An engagement only days after getting to know the person, a rushed wedding, and a lot of drama in between. Wait, are we talking about Love is Blind or your typical Arab arranged marriage? 

Netflix's new hit show Love is Blind, which premiered on Feb. 13, follows 30 men and women in their quest to find true love. The catch? They never actually see the person they're falling in love with and can only do so after the woman accepts the man's marriage proposal. The contestants spend 10 days "speed dating," aka getting to know each other through short meetings, isolated in two separate pods that are joined by a thin opaque wall. 

The couples who eventually get engaged go on vacation to Mexico to spend some together time as a real couple. After the hurried honeymoon is over, the duos return back home and live under the same roof to truly find out if they're able to go through with the wedding, which is set two weeks after their return. At the anticipated union ceremony, the engaged couples who remain together finally answer the question that reveals whether or not an emotional connection reigns supreme: "Is love blind?" 

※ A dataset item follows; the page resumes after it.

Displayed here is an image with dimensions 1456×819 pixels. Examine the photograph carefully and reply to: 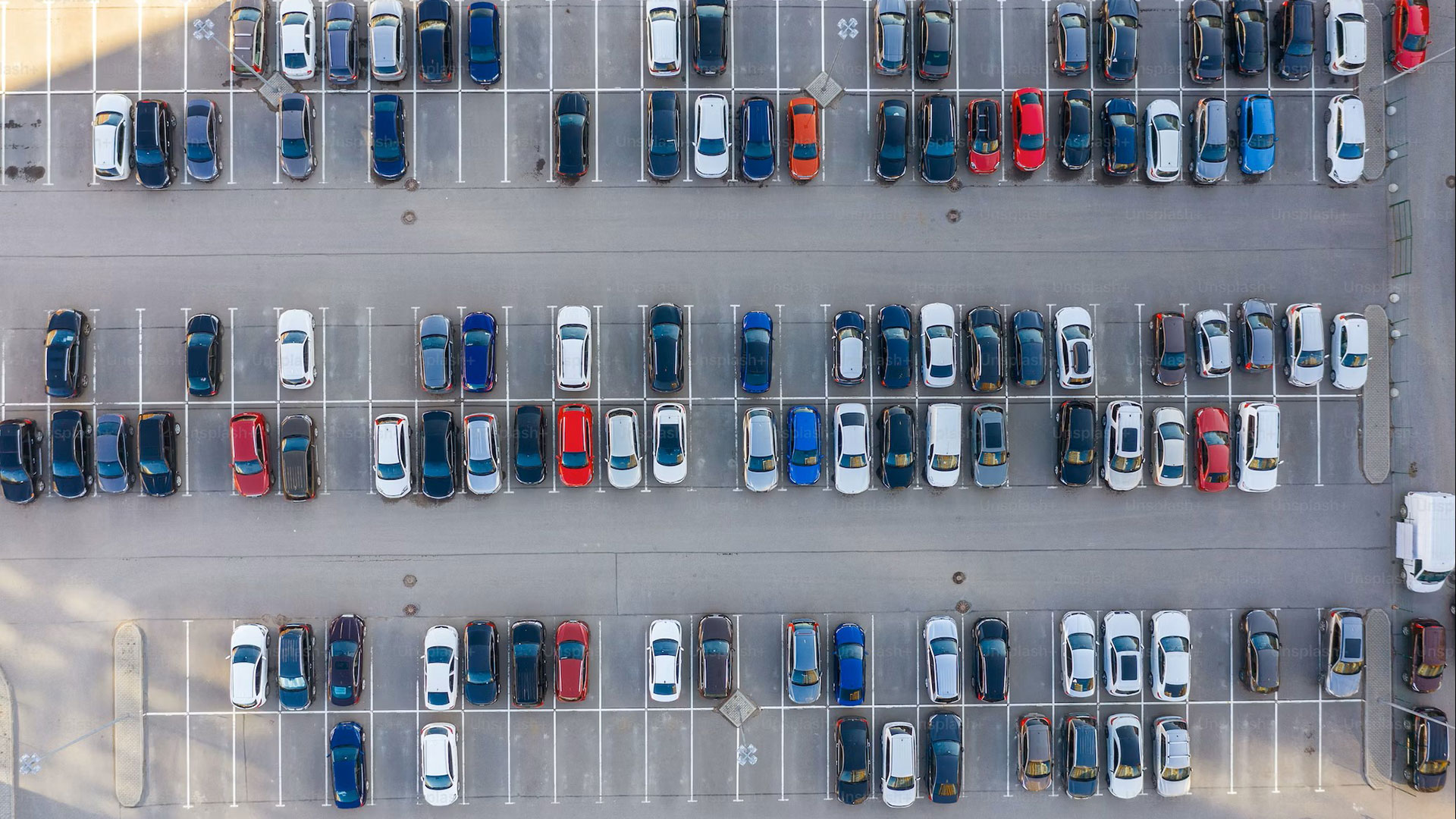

But while the idea of an arranged marriage may have Westerners hyperventilating within seconds, the practice is in fact extremely common in the Arab region, even in this day and age. The two will either get set up by their parents - who happen to know and respect one another - or communicate via phone before ultimately getting hitched. 

On Love is Blind, only after cohabiting do the couples take a moment to step back and assess whether or not they're going to make it and if they're willing to work it out. @Netflix, does that sound familiar? 

If it isn't so obvious yet, here are a few things that happen in both Love is Blind and an actual Arab arranged marriage: 

1. Physically seeing your significant other only after you actually get engaged

The most exciting moment on Love is Blind is when the doors slide for the engaged couples to see each other for the first time. That doesn't happen as soon as the guy proposes; they actually have to wait one full day before finally touching each other physically and knowing what the other person looks like. 

Similarly, with an Arab arranged marriage, some couples only see each other after it's been established that their fate is together. Additionally, that scenario can also be possible if a man is getting married to a niqabi (who's face is covered in front of non-mahram aka non-related men), with the big reveal only being permitted after the two tie the knot through a katb kteb

2. Getting to know your partner in the short interval of your engagement

In your average Arab arranged marriage, the couple exchange engagement rings - typically in the presence of a small circle of extended family members - and then start going out together wherever they want. It wouldn't be extremely shocking to hear of a couple who got engaged days or weeks after meeting traditionally, taking their engagement period as a timeframe to get to know one another.

Well, the only difference this whole scenario has with the one in Love is Blind is that they just don't go through this whole process with the approval of their families, and only tell them about this whole thing afterwards.

3. Testing out the waters and potentially breaking off the relationship during the engagement period

Because the engagement period is the time when the couple gets to know each other, it's extremely normal to hear of arranged pairs breaking it off soon afterwards. This occurrence is somewhat rare for a typical Western couple, considering the norm is usually getting engaged years after falling in love.

Many couples on Love is Blind break off their engagement days after seeing each other, and some actually decide not to go through with the wedding. 

4. Almost marrying someone else if only life didn't get in the way

We're willing to bet every Arab knows at least one couple whose relationship went something like this: They met through a common friend or family member, got engaged within weeks, and married within two or three months.

And though that's super fast in terms of a typical relationship timeline, it's also extremely accelerated when it comes to just everyday life, when a person could've easily met someone else or broken off with their ex a while ago. 

*SPOILER ALERT* Sure, Jessica was extremely annoying and high-key disrespectful to both Mark and Amber in Love is Blind, but from her point of view, she almost got married to the man of her dreams had it not been for another girl. To her, Barnett was the one who got away. 

5. Building a bond on a set of important personal criteria rather than physical attraction

Hate on arranged marriages all you want, but when push comes to shove, it's the true core and foundation of the relationship that matters. Because when physical attraction gets out of the way, people can actually focus on the important stuff: financial security, family approval, similar beliefs and opinions, and so on and so forth. 

And that's exactly why Love is Blind worked for many couples. They were able to dust off all possible distractions, sit down, and actually have a heart to heart conversation with one another. They may have been "together" for a few days but the entirety of those days were spent communicating their needs and desires in a future spouse. 

6. Having a huge number of people heavily invested in the relationship

Arab aunties just can't wait for that lililililish as soon as they hear of an engaged couple. As a matter of fact, they're willing to call their sisters, aka the bride or groom's mom, on a daily basis just to know the latest tea on the relationship. 

The couples on Love is Blind certainly knew what they signed up for when they agreed to get into this whole thing on live TV, but I'm willing to bet they weren't expecting things to get that crazy. 

Well, that's just the way us Arabs do it, with or without TV.